[Start of section]
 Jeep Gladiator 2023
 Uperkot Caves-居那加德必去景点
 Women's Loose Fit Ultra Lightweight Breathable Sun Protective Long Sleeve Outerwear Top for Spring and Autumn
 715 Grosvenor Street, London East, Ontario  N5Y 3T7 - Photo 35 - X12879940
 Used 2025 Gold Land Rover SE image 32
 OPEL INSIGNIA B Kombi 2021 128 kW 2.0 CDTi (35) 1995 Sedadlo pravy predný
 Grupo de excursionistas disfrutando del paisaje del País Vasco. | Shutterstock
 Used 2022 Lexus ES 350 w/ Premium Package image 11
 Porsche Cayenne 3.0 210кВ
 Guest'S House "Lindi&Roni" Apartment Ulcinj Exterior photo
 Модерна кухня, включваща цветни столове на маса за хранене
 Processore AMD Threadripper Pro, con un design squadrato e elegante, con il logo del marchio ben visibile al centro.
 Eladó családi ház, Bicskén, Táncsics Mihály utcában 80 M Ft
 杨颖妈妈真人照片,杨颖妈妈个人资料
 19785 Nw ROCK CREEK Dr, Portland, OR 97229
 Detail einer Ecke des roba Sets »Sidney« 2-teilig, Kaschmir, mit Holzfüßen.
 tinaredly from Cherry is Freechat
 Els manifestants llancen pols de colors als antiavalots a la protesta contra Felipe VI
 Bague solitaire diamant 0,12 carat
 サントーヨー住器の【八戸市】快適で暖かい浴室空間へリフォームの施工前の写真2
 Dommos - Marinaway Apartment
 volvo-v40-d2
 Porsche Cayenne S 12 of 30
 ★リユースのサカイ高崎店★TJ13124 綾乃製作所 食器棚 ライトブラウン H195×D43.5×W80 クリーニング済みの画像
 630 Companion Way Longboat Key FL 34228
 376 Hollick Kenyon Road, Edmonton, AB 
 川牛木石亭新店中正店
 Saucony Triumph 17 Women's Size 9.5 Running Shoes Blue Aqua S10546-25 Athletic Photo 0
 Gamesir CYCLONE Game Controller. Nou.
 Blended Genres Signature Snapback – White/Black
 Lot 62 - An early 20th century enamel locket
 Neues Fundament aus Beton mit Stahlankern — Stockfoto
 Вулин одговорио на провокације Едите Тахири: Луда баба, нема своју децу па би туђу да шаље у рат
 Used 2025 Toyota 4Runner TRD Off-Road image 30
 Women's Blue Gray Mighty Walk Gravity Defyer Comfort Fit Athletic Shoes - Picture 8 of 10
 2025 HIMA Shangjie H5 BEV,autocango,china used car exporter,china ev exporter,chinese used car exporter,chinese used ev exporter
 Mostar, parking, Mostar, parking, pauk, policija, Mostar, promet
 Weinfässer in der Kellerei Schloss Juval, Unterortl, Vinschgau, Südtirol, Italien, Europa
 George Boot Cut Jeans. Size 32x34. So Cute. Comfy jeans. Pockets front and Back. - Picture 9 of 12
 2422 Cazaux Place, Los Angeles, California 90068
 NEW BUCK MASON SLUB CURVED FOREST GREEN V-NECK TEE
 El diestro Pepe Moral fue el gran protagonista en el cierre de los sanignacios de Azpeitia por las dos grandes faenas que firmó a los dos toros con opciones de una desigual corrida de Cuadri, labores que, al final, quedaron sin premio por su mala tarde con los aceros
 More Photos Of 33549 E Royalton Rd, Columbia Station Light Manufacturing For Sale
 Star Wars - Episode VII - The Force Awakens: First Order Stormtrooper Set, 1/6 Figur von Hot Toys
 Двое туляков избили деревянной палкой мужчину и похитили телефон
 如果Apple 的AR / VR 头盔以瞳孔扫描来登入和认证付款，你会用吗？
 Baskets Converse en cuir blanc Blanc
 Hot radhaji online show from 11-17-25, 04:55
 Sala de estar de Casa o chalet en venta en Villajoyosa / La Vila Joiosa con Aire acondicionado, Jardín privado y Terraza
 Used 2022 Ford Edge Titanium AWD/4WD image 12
[End of section]
EXERCISE OBJECTIVE — Above are the records; retype them all without a single difference.

EXERCISE SOLUTION —
 Jeep Gladiator 2023
 Uperkot Caves-居那加德必去景点
 Women's Loose Fit Ultra Lightweight Breathable Sun Protective Long Sleeve Outerwear Top for Spring and Autumn
 715 Grosvenor Street, London East, Ontario  N5Y 3T7 - Photo 35 - X12879940
 Used 2025 Gold Land Rover SE image 32
 OPEL INSIGNIA B Kombi 2021 128 kW 2.0 CDTi (35) 1995 Sedadlo pravy predný
 Grupo de excursionistas disfrutando del paisaje del País Vasco. | Shutterstock
 Used 2022 Lexus ES 350 w/ Premium Package image 11
 Porsche Cayenne 3.0 210кВ
 Guest'S House "Lindi&Roni" Apartment Ulcinj Exterior photo
 Модерна кухня, включваща цветни столове на маса за хранене
 Processore AMD Threadripper Pro, con un design squadrato e elegante, con il logo del marchio ben visibile al centro.
 Eladó családi ház, Bicskén, Táncsics Mihály utcában 80 M Ft
 杨颖妈妈真人照片,杨颖妈妈个人资料
 19785 Nw ROCK CREEK Dr, Portland, OR 97229
 Detail einer Ecke des roba Sets »Sidney« 2-teilig, Kaschmir, mit Holzfüßen.
 tinaredly from Cherry is Freechat
 Els manifestants llancen pols de colors als antiavalots a la protesta contra Felipe VI
 Bague solitaire diamant 0,12 carat
 サントーヨー住器の【八戸市】快適で暖かい浴室空間へリフォームの施工前の写真2
 Dommos - Marinaway Apartment
 volvo-v40-d2
 Porsche Cayenne S 12 of 30
 ★リユースのサカイ高崎店★TJ13124 綾乃製作所 食器棚 ライトブラウン H195×D43.5×W80 クリーニング済みの画像
 630 Companion Way Longboat Key FL 34228
 376 Hollick Kenyon Road, Edmonton, AB 
 川牛木石亭新店中正店
 Saucony Triumph 17 Women's Size 9.5 Running Shoes Blue Aqua S10546-25 Athletic Photo 0
 Gamesir CYCLONE Game Controller. Nou.
 Blended Genres Signature Snapback – White/Black
 Lot 62 - An early 20th century enamel locket
 Neues Fundament aus Beton mit Stahlankern — Stockfoto
 Вулин одговорио на провокације Едите Тахири: Луда баба, нема своју децу па би туђу да шаље у рат
 Used 2025 Toyota 4Runner TRD Off-Road image 30
 Women's Blue Gray Mighty Walk Gravity Defyer Comfort Fit Athletic Shoes - Picture 8 of 10
 2025 HIMA Shangjie H5 BEV,autocango,china used car exporter,china ev exporter,chinese used car exporter,chinese used ev exporter
 Mostar, parking, Mostar, parking, pauk, policija, Mostar, promet
 Weinfässer in der Kellerei Schloss Juval, Unterortl, Vinschgau, Südtirol, Italien, Europa
 George Boot Cut Jeans. Size 32x34. So Cute. Comfy jeans. Pockets front and Back. - Picture 9 of 12
 2422 Cazaux Place, Los Angeles, California 90068
 NEW BUCK MASON SLUB CURVED FOREST GREEN V-NECK TEE
 El diestro Pepe Moral fue el gran protagonista en el cierre de los sanignacios de Azpeitia por las dos grandes faenas que firmó a los dos toros con opciones de una desigual corrida de Cuadri, labores que, al final, quedaron sin premio por su mala tarde con los aceros
 More Photos Of 33549 E Royalton Rd, Columbia Station Light Manufacturing For Sale
 Star Wars - Episode VII - The Force Awakens: First Order Stormtrooper Set, 1/6 Figur von Hot Toys
 Двое туляков избили деревянной палкой мужчину и похитили телефон
 如果Apple 的AR / VR 头盔以瞳孔扫描来登入和认证付款，你会用吗？
 Baskets Converse en cuir blanc Blanc
 Hot radhaji online show from 11-17-25, 04:55
 Sala de estar de Casa o chalet en venta en Villajoyosa / La Vila Joiosa con Aire acondicionado, Jardín privado y Terraza
 Used 2022 Ford Edge Titanium AWD/4WD image 12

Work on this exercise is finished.